START DATA BLOCK

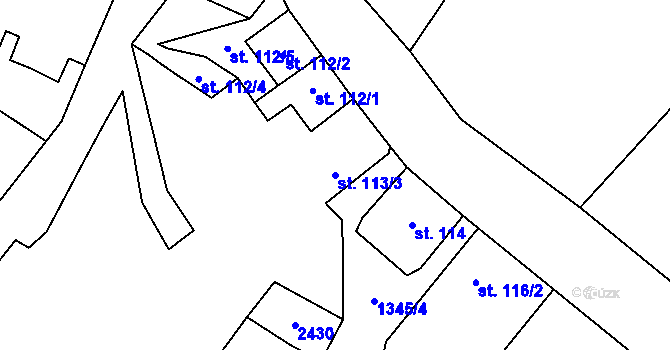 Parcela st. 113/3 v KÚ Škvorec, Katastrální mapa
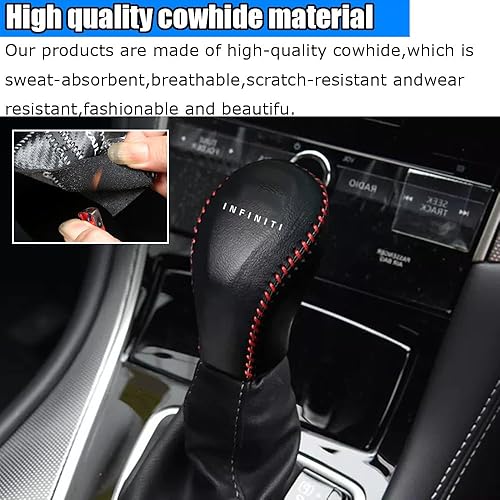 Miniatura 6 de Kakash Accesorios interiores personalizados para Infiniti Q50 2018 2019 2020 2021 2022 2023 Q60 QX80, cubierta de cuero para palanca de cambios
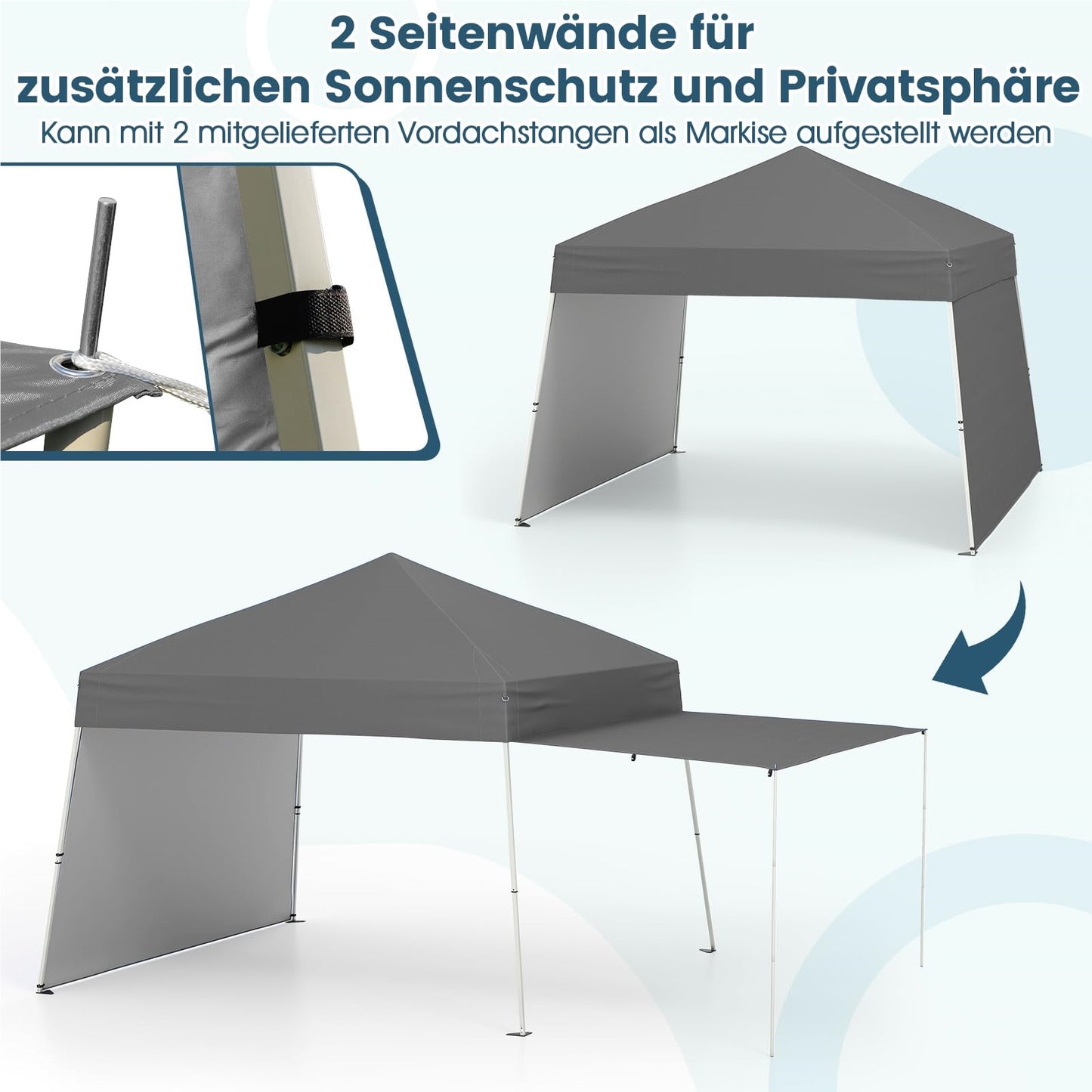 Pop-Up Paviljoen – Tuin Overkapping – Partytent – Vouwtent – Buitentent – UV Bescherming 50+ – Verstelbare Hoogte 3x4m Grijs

END DATA BLOCK

— EXERCISE PROMPT —
Print exactly what appears from the first line of the listing above down to the line containing "Miniatura 6 de", inclusive, and leave out all pictures.

— OUTPUT —
 Parcela st. 113/3 v KÚ Škvorec, Katastrální mapa
 Miniatura 6 de Kakash Accesorios interiores personalizados para Infiniti Q50 2018 2019 2020 2021 2022 2023 Q60 QX80, cubierta de cuero para palanca de cambios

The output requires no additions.